T. Rex is a 1970 album by English rock band T. Rex, the first under that name and the fifth since their debut as Tyrannosaurus Rex in 1968. It was released on 18 December by record labels Fly and Reprise. The album continued the shift begun by its predecessor from the band's previous folk style to a minimal rock sound, with an even balance of electric and acoustic material.

==Background==
The duo's previous album A Beard of Stars had charted moderately well at number 21, selling around the same amount of copies as previous Tyrannosaurus Rex records, but frontman Marc Bolan felt frustrated at not being able to break out of cult status. The new lineup with Finn toured extensively throughout the UK and Europe during 1970, acquainting audiences with their new electric sound while recording an album meant to capture it on tape. At the same time, Bolan's company signed with a new label, Fly Records. Just as their next single "Ride a White Swan" was to see release in October 1970, Bolan decided to shorten the group's name to T. Rex, reflecting the change in style (as well as making it easier for people to pronounce).

== Songs and recording ==
Although the album was credited to T. Rex, all the recordings (as well as the cover shot) were done when they were still known as Tyrannosaurus Rex, with the two-man lineup of singer-songwriter and guitarist Marc Bolan and percussionist Mickey Finn, while producer Tony Visconti played bass and recorder on a couple of tracks. Bolan had considered calling the album The Wizard or The Children of Rarn, before opting for a self-titled album.

The album continued in the vein of the duo's previous effort A Beard of Stars, with an even further emphasis on an electric rock sound as well as the addition of strings, scored by Visconti, on several tracks. Certain tracks like "The Time of Love is Now", "Suneye" and "Root of Star" were stylistically closer to the folk music of Tyrannosaurus Rex but electric guitars and bass are fully integrated in tracks like "Jewel", "Childe", "Beltane Walk", "Diamond Meadows", "Is It Love", and "One Inch Rock", foreshadowing the style of the follow-up. As on previous albums, the lyrics were inspired in part by Tolkien, including poetry about wizards, Druids, and a "Liquid Poetess in a buckskin dress". Journalist Tom Everett observed that Bolan was "clearly infatuated with mysticism, as well as the pure sounds of the English language", although it would be the final time this subject matter would dominate his work. Elsewhere, "The Visit" details a UFO abduction while "Diamond Meadows" and "Suneye" are more conventional love songs that presage future ballads.
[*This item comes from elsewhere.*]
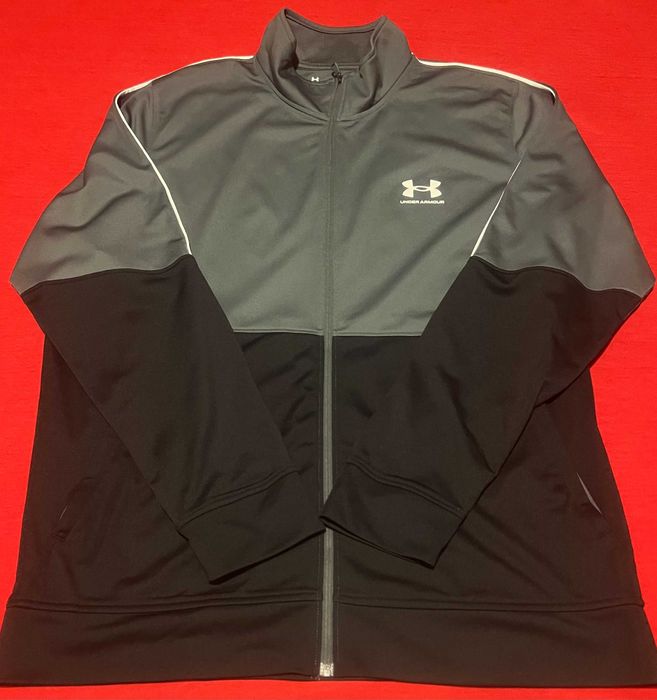 Кофта зіпка Under Armour олімпійка XL ідеальний стан.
The album contained electric reworkings of two old Tyrannosaurus Rex songs, one of which, "The Wizard", was originally recorded as the A side of Bolan's (solo) first single in 1965. The second was an electric version of the second Tyrannosaurus Rex single, "One Inch Rock", with an intro of scat-singing by Bolan and Finn, which the duo had been incorporating into live acoustic versions for some months prior to the album sessions. The remaining songs, however, were new material. "The Children of Rarn" and its reprise, which opened and closed the UK album, were an incursion into symphonic rock which Bolan had wanted to develop into a full concept album which he was never able to complete; a 16-minute demo suite of its songs was taped in 1971. The B-side, a cover of "Summertime Blues", plus the intricate guitar instrumental outtake "Deep Summer" were also recorded during the sessions.
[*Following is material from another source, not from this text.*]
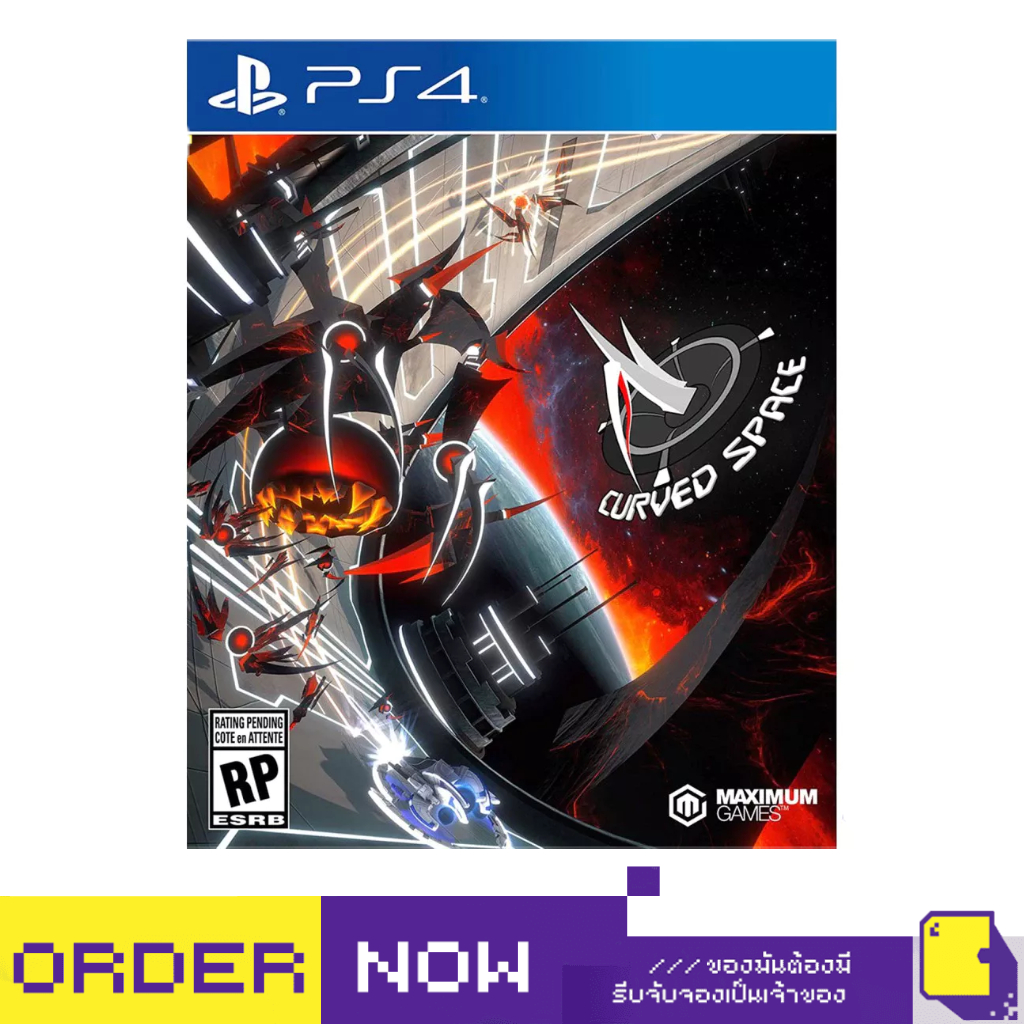 [+..••] PS4 CURVED SPACE (เกมส์  PS4™ 🎮)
Recording sessions began at Trident on 14 May 1970 with the rockers "Jewel" and "Is It Love", "Jewel" having already been premiered in concert; this session set the stage for an electric pop/rock album. On 1 June, the more tranquil "Diamond Meadows" and "The Visit" were taped along with "Ride a White Swan" (some sources list 1 July as the date for "Swan"). On 16 June, the instrumental outtake "Deep Summer" was attempted but left unreleased. On 24 June, Howard Kaylan of the duo Flo and Eddie attended the session for "Seagull Woman" to sing backup vocals for the first time on a T. Rex song (although his partner Mark Volman was also credited on the sleeve, session documentation does not confirm this). The duo would go on to sing on many of the group's subsequent string of hits. "Summer Deep" and "The Time of Love Is Now" were recorded on 26 June, while "Beltane Walk" and an early version of the "Hot Love" B-side "King of the Mountain Cometh" were attempted on 1 July. Remakes of two older songs, "One Inch Rock" and "The Wizard" were recorded 6 July along with "The Children of Rarn". The final sessions on 5 and 31 August saw "Root of Star" committed to tape. Session notes for the recording of "Childe" and "Suneye" appear to be lost.

==Album cover==
The sleeve design was unusual, requiring a sideways look to unfold the full cover, or to have the artwork sideways to remove the LP. The cover pic was taken that summer by Pete Sanders at his parents' home in Selbridge. White pancake face makeup was worn by Marc and Mickey, while Bolan clutched his electric guitar to suit the new electric image he was trying to create. A preface to the printed lyrics states "Dedicated To All Who Are And Will Be Forevermore."

== Release ==
T. Rex was released on 18 December 1970 by Fly and Reprise. The US pressing of the LP concluded with "Ride a White Swan" rather than "The Children of Rarn (Reprise)".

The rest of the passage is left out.